Goal of the exercise. Below are the entries. Print only the lines starting at the one with "Tủ trượt 2 cánh" and ending at the one with "Solar Bug Zapper", exactly, with no pictures.

Input records.

=====

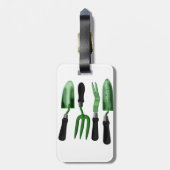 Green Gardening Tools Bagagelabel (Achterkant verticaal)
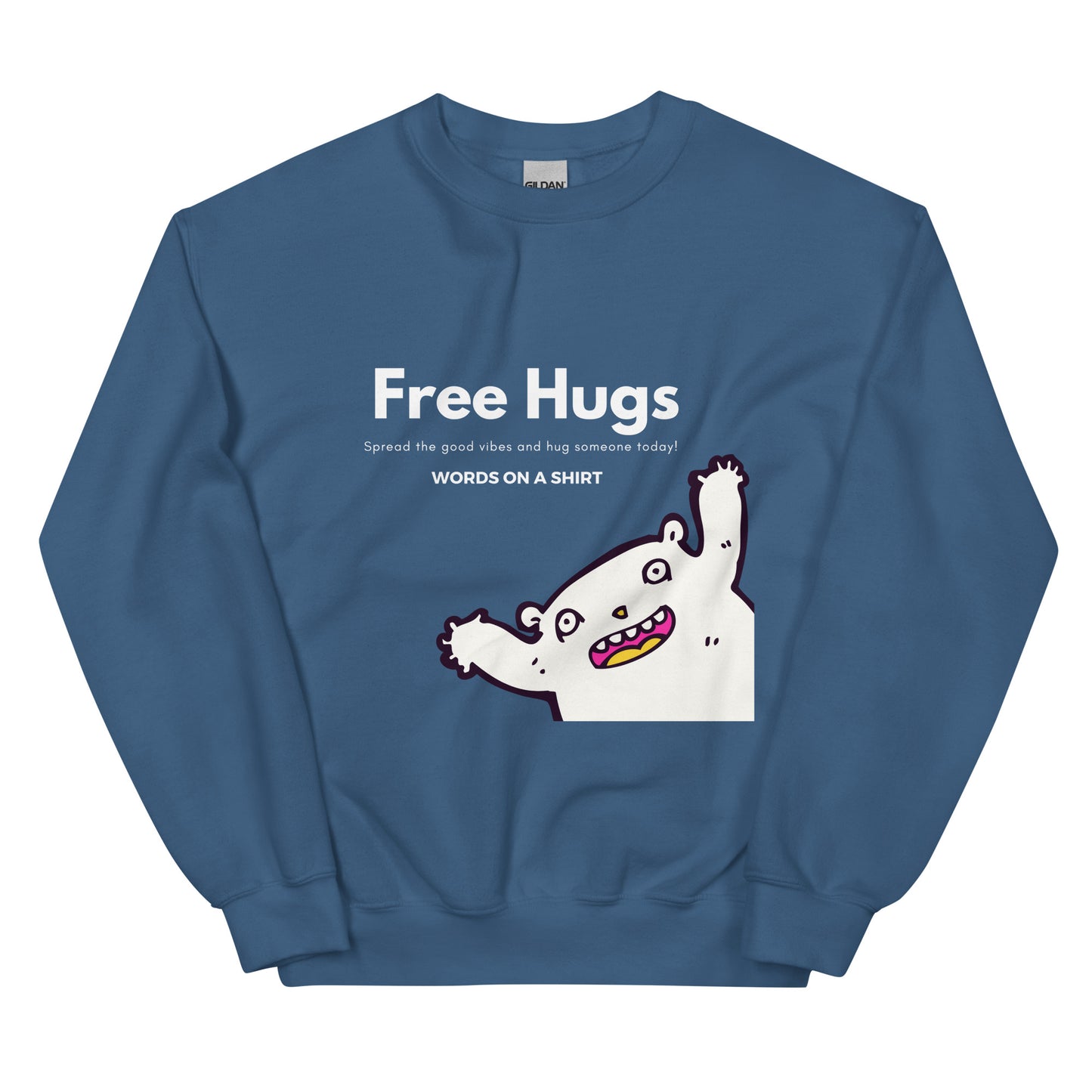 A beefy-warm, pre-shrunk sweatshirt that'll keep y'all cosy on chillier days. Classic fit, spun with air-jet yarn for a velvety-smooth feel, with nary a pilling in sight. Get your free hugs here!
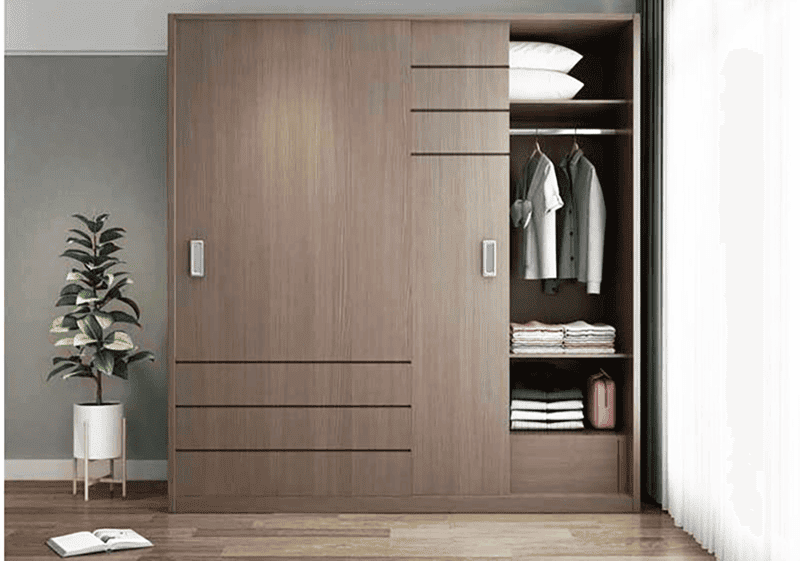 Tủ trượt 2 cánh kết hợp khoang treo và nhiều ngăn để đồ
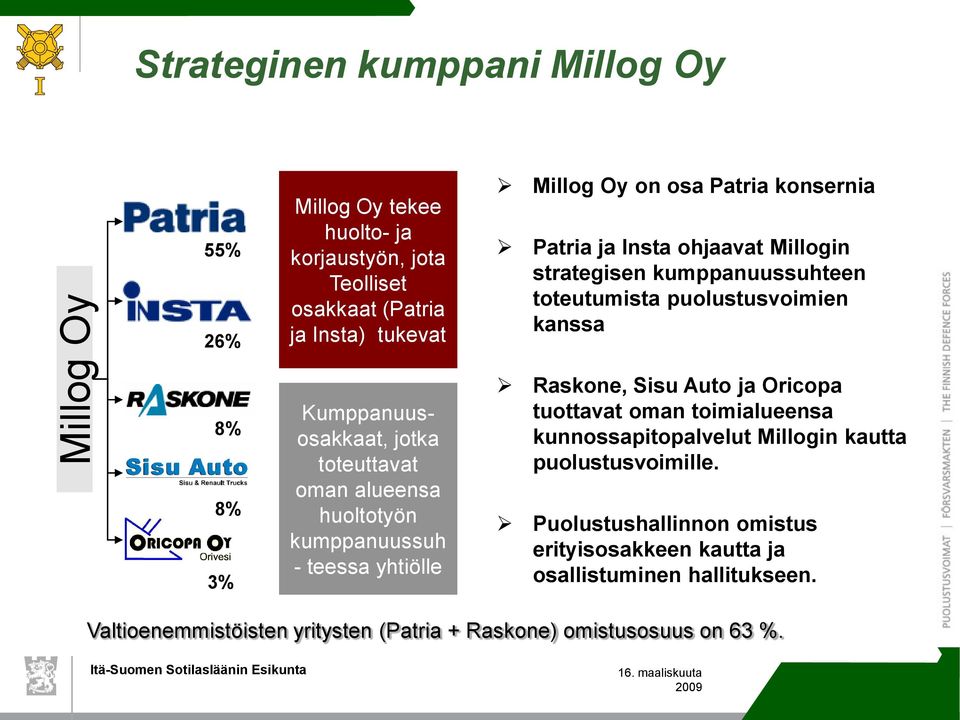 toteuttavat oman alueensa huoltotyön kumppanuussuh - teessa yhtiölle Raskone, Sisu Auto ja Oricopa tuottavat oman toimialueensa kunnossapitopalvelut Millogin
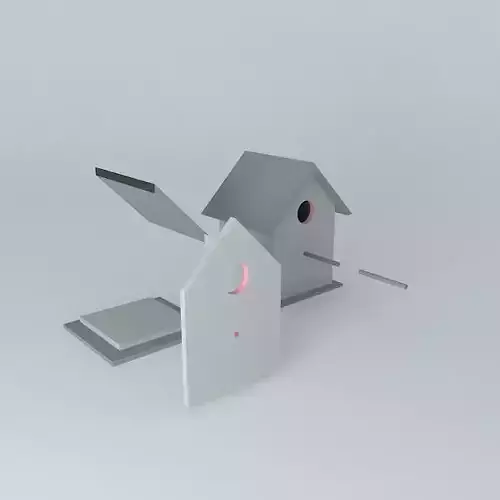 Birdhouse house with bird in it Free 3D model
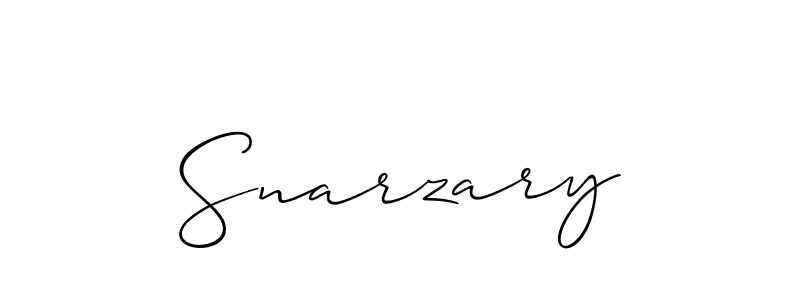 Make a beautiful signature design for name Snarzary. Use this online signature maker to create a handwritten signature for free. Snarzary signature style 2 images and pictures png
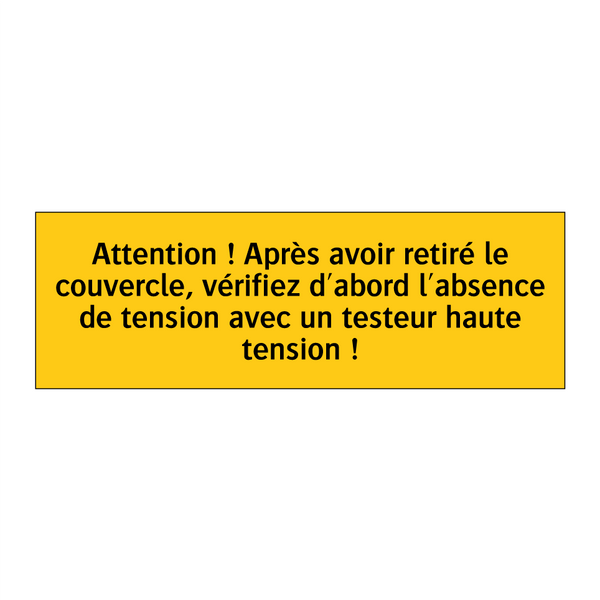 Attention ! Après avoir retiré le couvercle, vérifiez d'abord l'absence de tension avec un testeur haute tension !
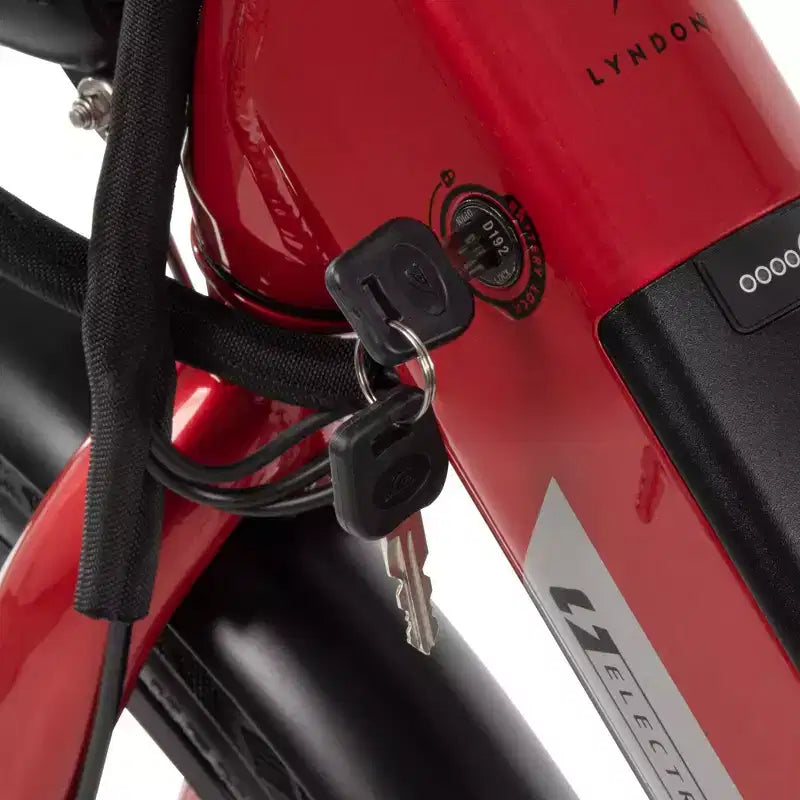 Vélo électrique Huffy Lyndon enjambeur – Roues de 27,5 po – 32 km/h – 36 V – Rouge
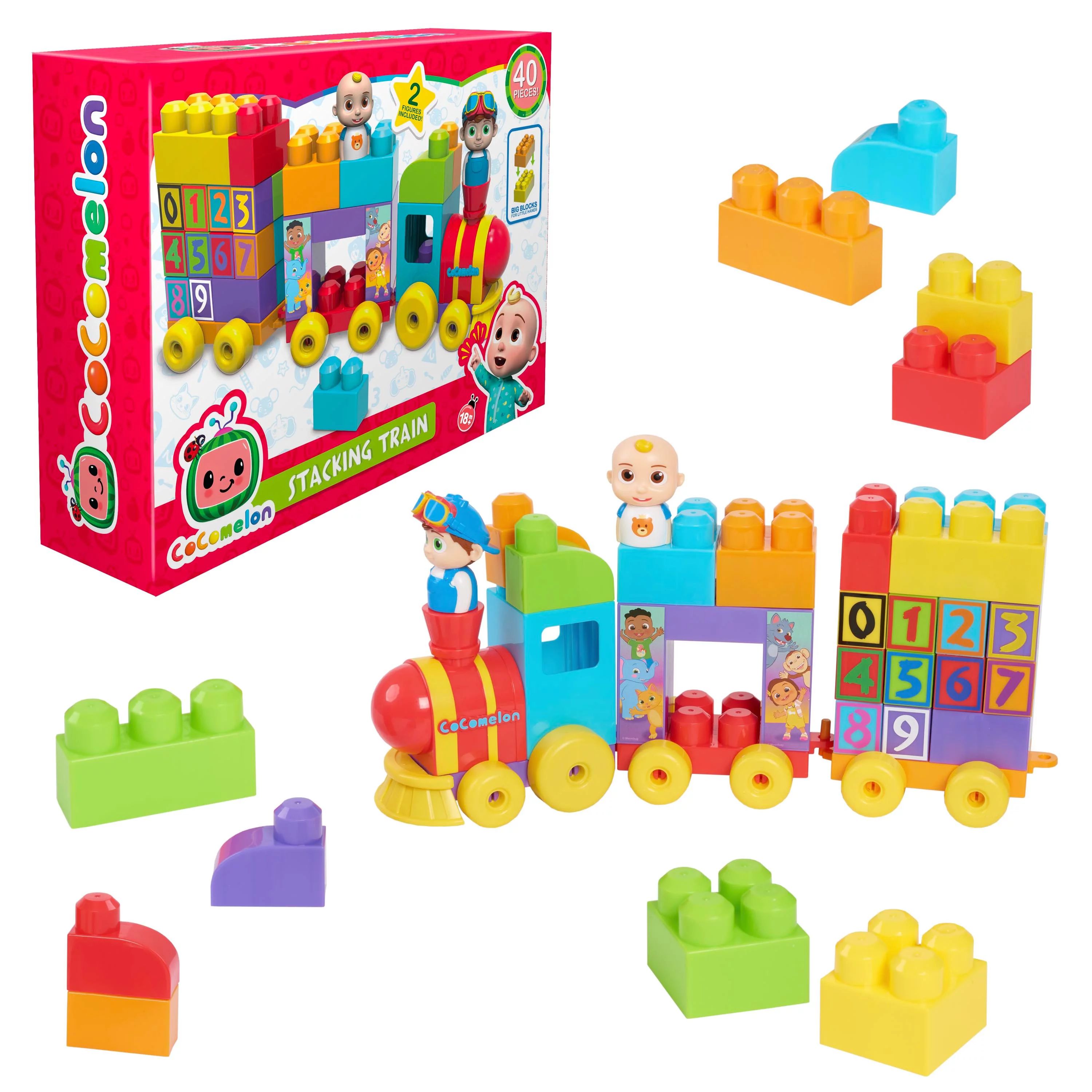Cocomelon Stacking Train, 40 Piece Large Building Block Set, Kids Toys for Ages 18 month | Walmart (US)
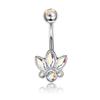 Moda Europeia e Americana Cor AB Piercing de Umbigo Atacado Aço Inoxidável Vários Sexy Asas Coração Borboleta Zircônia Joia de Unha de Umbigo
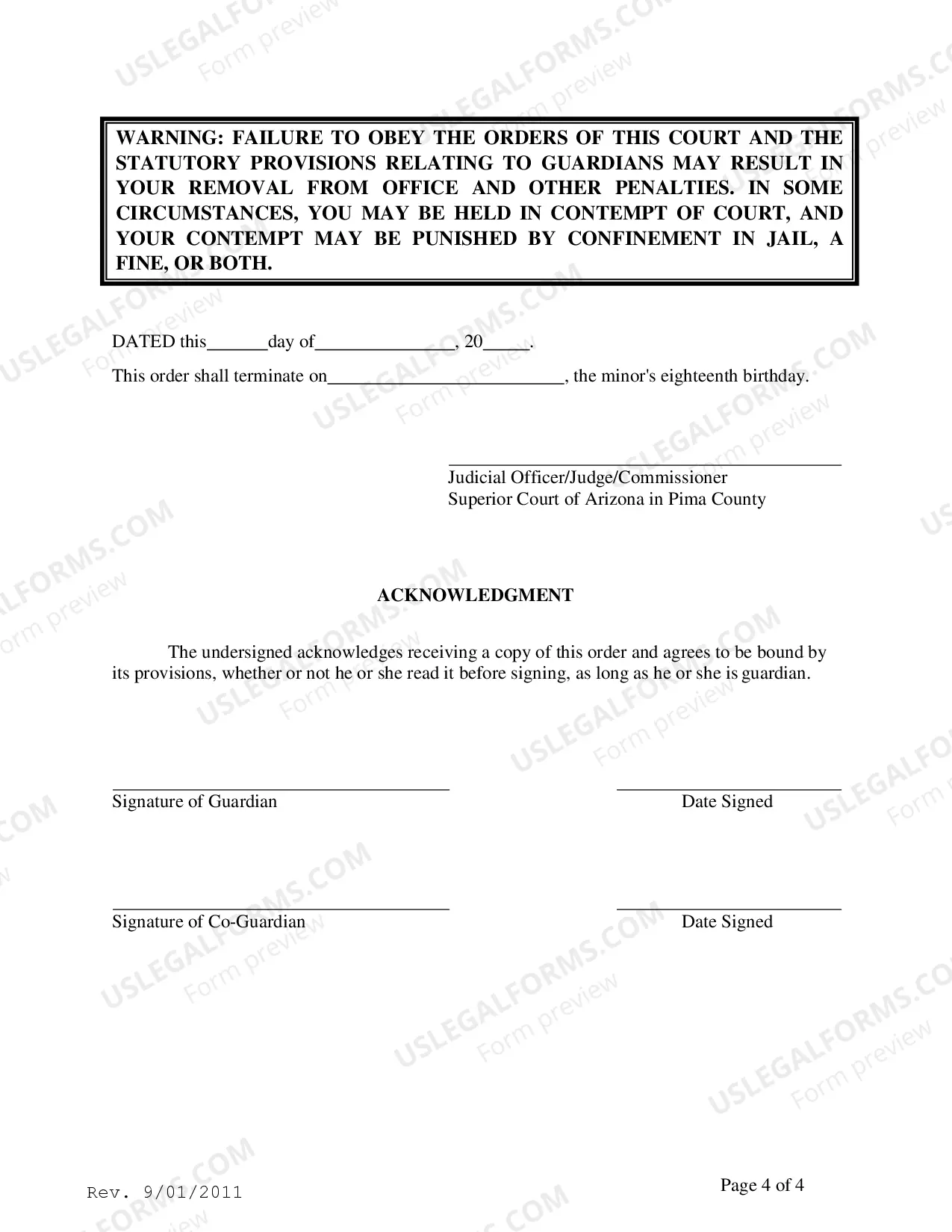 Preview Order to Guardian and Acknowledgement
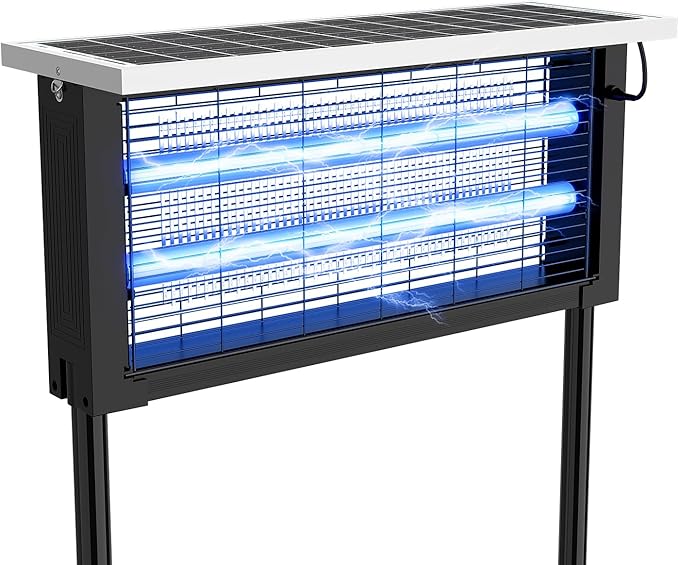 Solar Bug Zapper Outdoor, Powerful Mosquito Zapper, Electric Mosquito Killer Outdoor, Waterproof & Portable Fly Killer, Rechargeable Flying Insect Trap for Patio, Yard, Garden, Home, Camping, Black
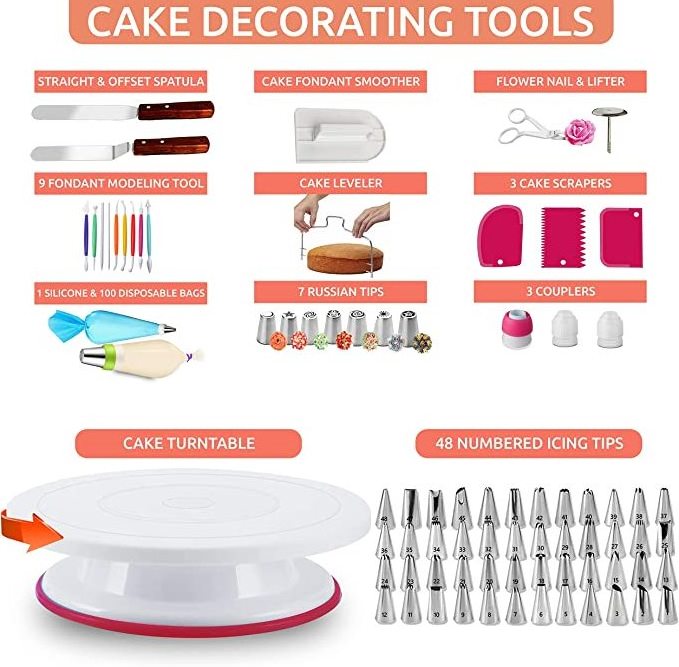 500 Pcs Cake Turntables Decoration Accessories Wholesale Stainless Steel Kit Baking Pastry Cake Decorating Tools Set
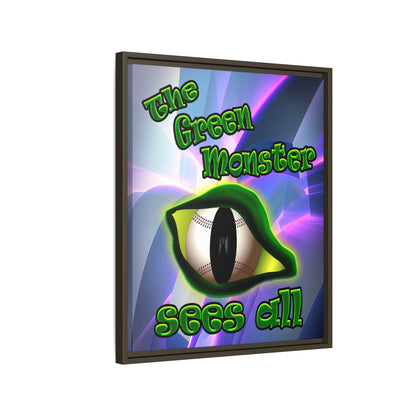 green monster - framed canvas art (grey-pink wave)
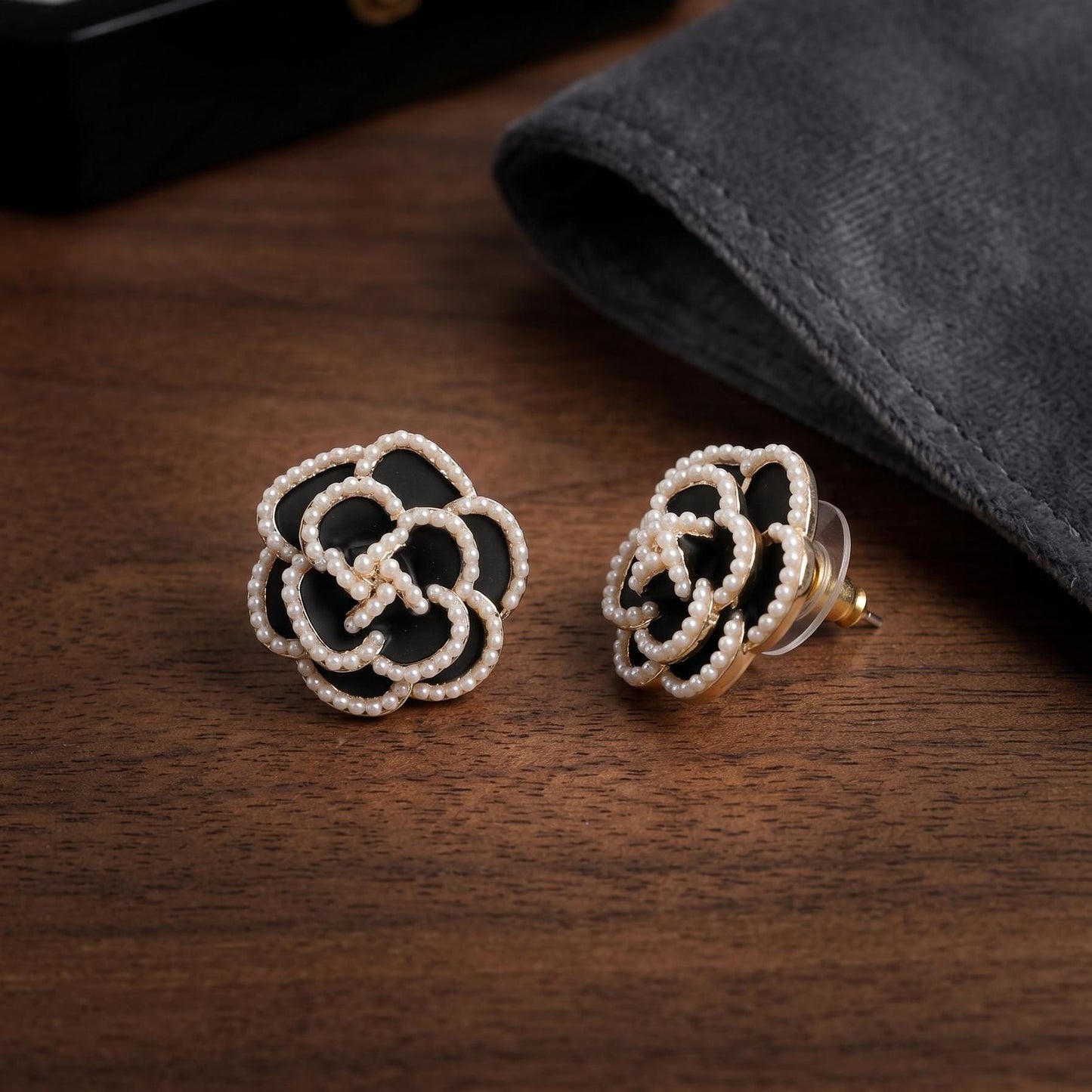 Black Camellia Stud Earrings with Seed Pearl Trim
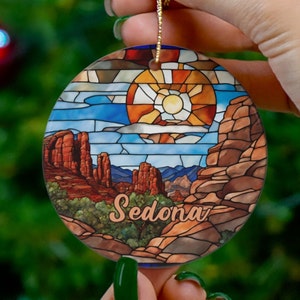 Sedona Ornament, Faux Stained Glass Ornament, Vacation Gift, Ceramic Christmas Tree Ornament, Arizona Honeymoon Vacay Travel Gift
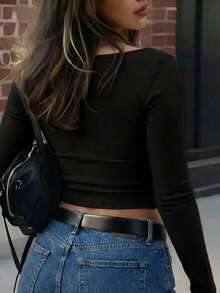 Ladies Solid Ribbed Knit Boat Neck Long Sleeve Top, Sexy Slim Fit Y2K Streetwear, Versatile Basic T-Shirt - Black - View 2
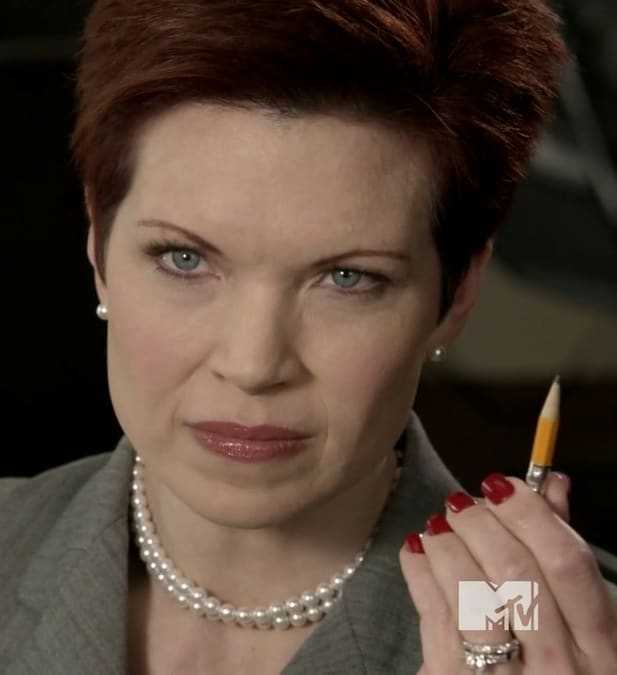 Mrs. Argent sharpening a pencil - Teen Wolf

=====

Answer box.
 Tủ trượt 2 cánh kết hợp khoang treo và nhiều ngăn để đồ
 toteuttavat oman alueensa huoltotyön kumppanuussuh - teessa yhtiölle Raskone, Sisu Auto ja Oricopa tuottavat oman toimialueensa kunnossapitopalvelut Millogin
 Birdhouse house with bird in it Free 3D model
 Make a beautiful signature design for name Snarzary. Use this online signature maker to create a handwritten signature for free. Snarzary signature style 2 images and pictures png
 Attention ! Après avoir retiré le couvercle, vérifiez d'abord l'absence de tension avec un testeur haute tension !
 Vélo électrique Huffy Lyndon enjambeur – Roues de 27,5 po – 32 km/h – 36 V – Rouge
Cocomelon Stacking Train, 40 Piece Large Building Block Set, Kids Toys for Ages 18 month | Walmart (US)
 Moda Europeia e Americana Cor AB Piercing de Umbigo Atacado Aço Inoxidável Vários Sexy Asas Coração Borboleta Zircônia Joia de Unha de Umbigo
 Preview Order to Guardian and Acknowledgement
 Solar Bug Zapper Outdoor, Powerful Mosquito Zapper, Electric Mosquito Killer Outdoor, Waterproof & Portable Fly Killer, Rechargeable Flying Insect Trap for Patio, Yard, Garden, Home, Camping, Black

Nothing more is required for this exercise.